(Supplied data begins)
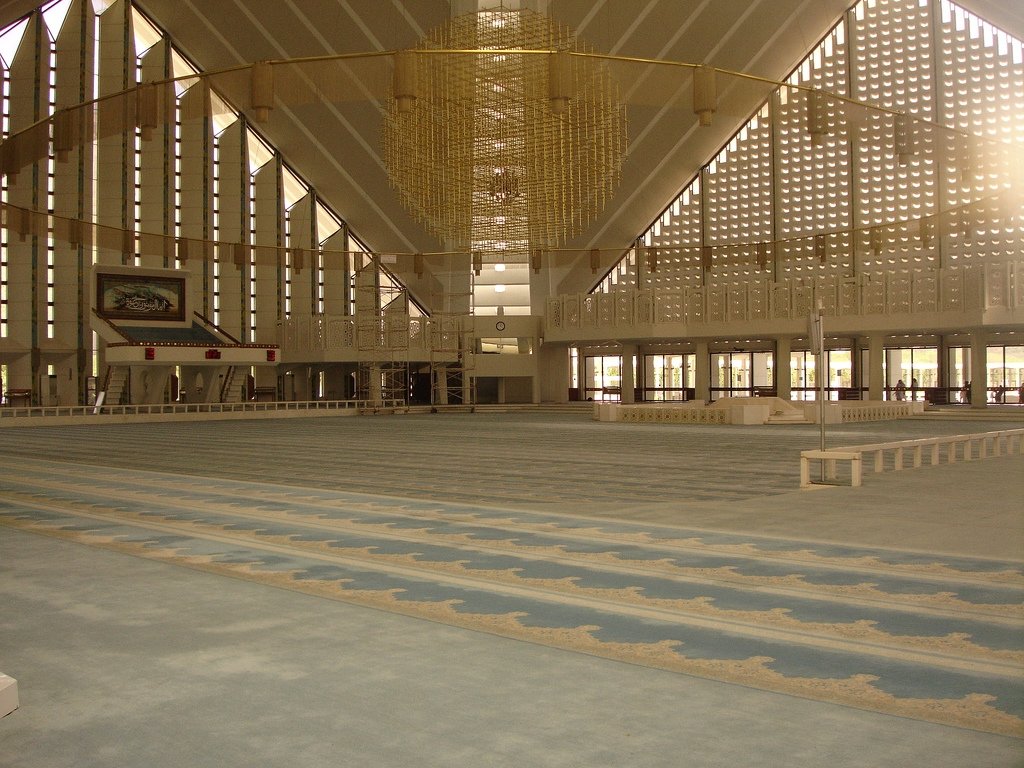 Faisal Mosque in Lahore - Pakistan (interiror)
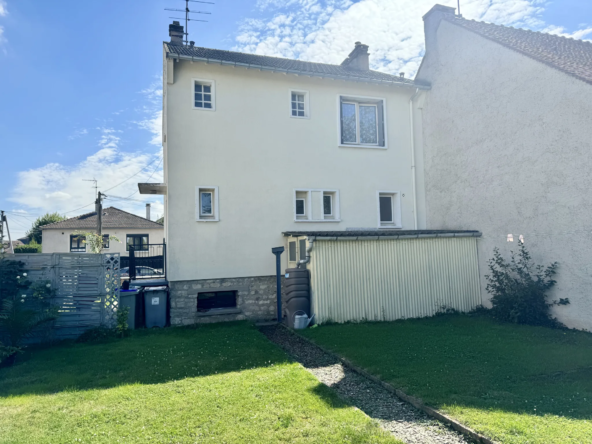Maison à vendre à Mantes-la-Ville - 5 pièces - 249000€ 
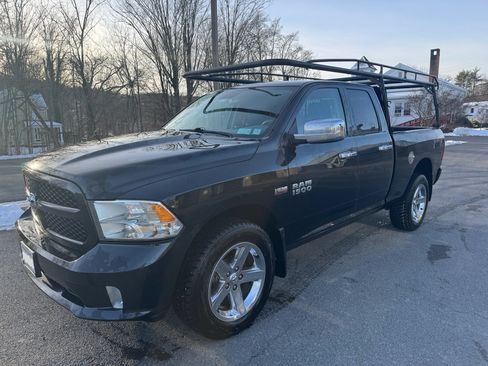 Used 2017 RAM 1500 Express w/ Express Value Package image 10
(Supplied data ends)
(Supplied data begins)
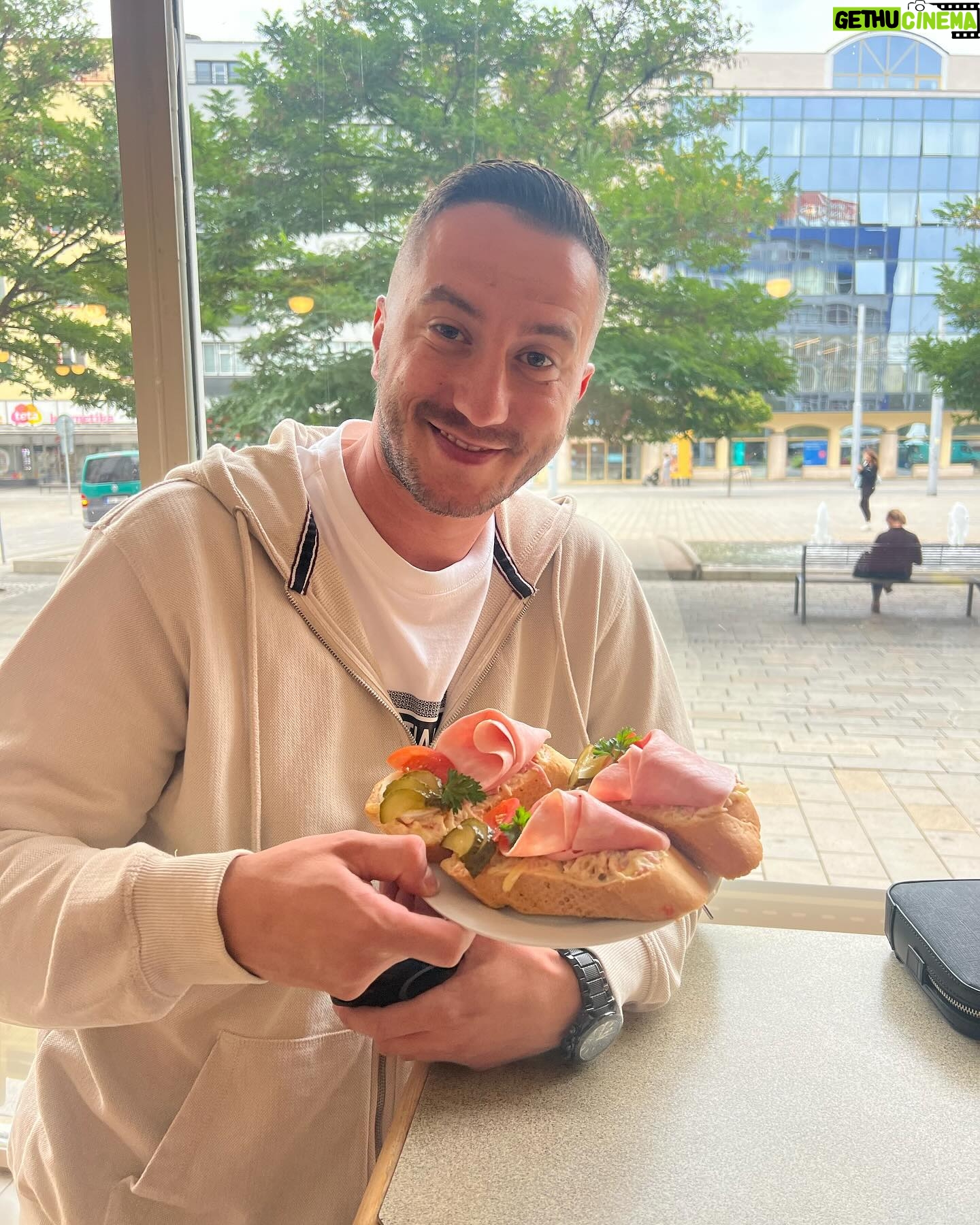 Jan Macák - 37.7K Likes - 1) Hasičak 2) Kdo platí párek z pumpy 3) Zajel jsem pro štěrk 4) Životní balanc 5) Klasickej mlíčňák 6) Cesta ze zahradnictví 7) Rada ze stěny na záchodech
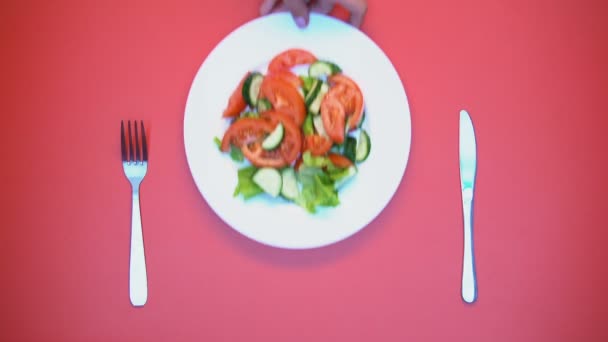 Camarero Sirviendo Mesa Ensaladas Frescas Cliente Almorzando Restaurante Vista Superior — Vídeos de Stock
(Supplied data ends)
(Supplied data begins)
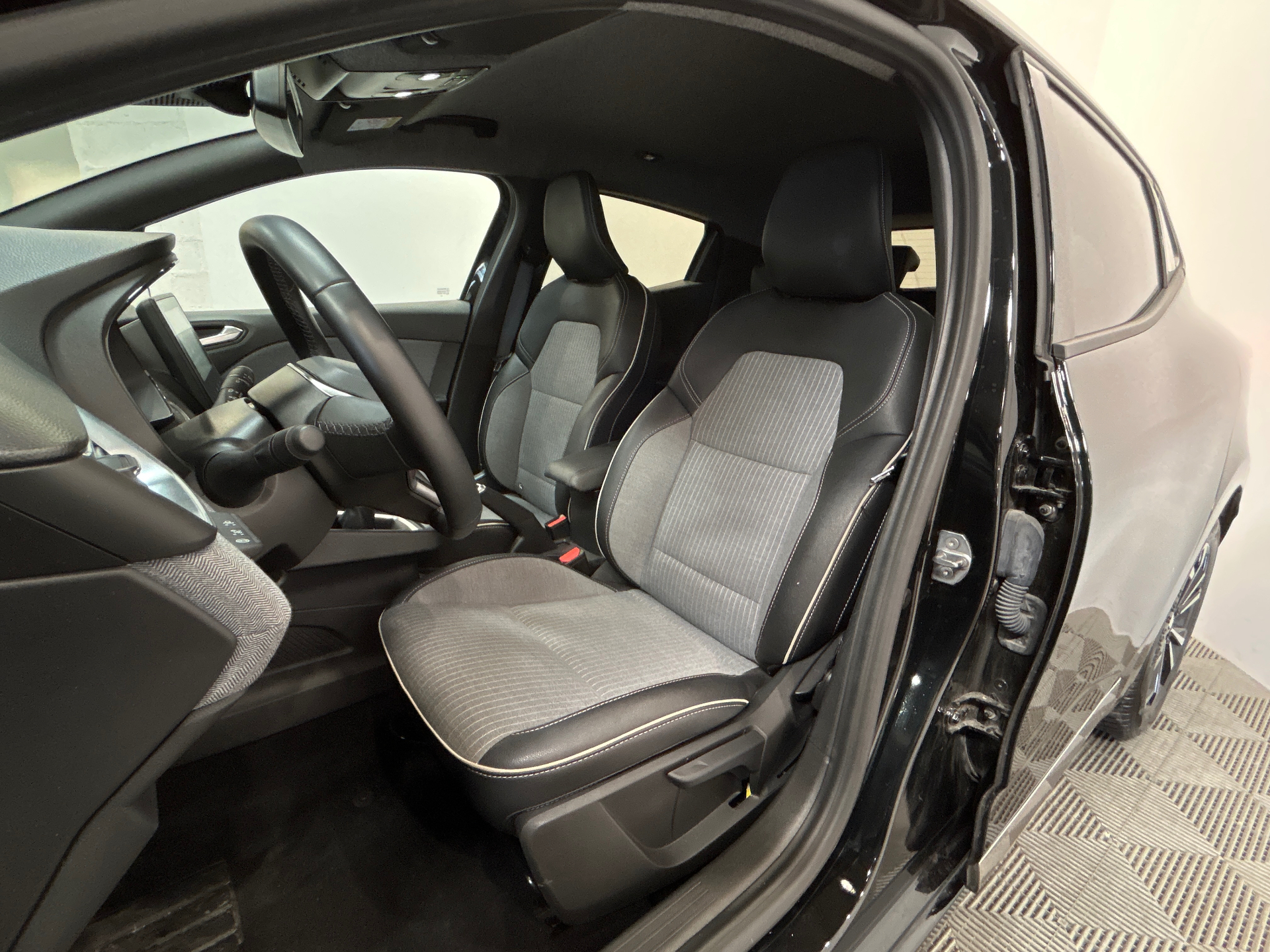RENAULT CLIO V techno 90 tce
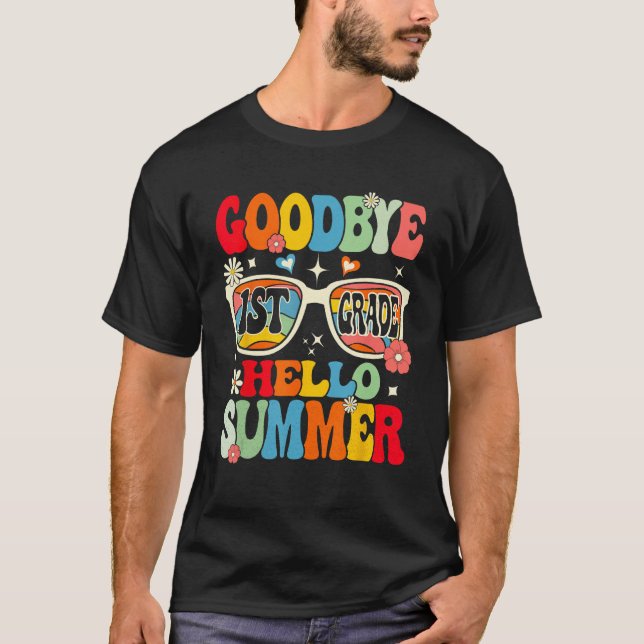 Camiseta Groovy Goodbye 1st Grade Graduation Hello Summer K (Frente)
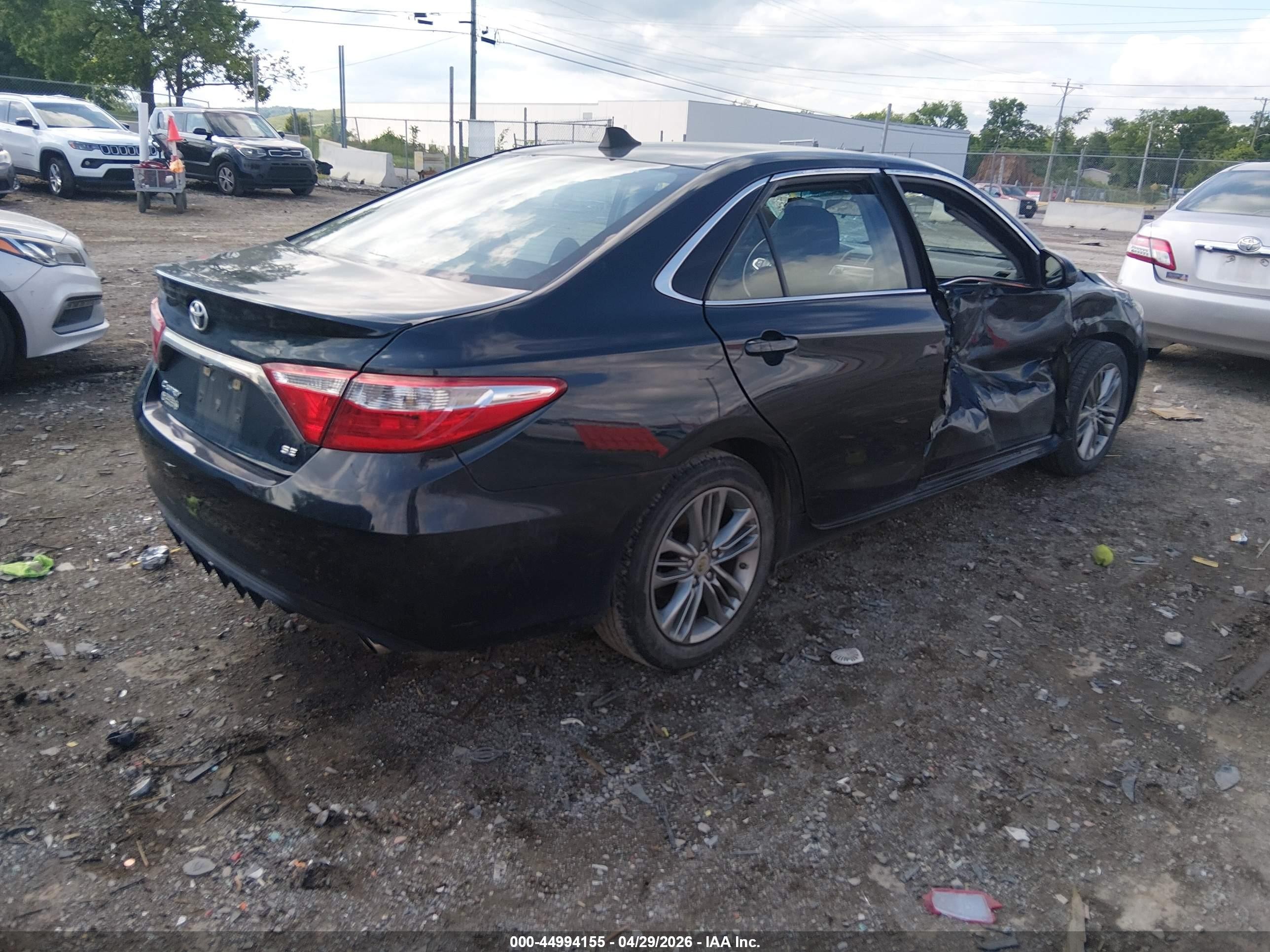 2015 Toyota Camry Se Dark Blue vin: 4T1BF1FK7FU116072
(Supplied data ends)
* **What you should do**:
Reproduce the listing above exactly from the line containing "Faisal Mosque in" up to and including the line containing "Used 2017 RAM", omitting any images and everything outside those lines.

* **Answer area**:
 Faisal Mosque in Lahore - Pakistan (interiror)
Maison à vendre à Mantes-la-Ville - 5 pièces - 249000€ 
 Used 2017 RAM 1500 Express w/ Express Value Package image 10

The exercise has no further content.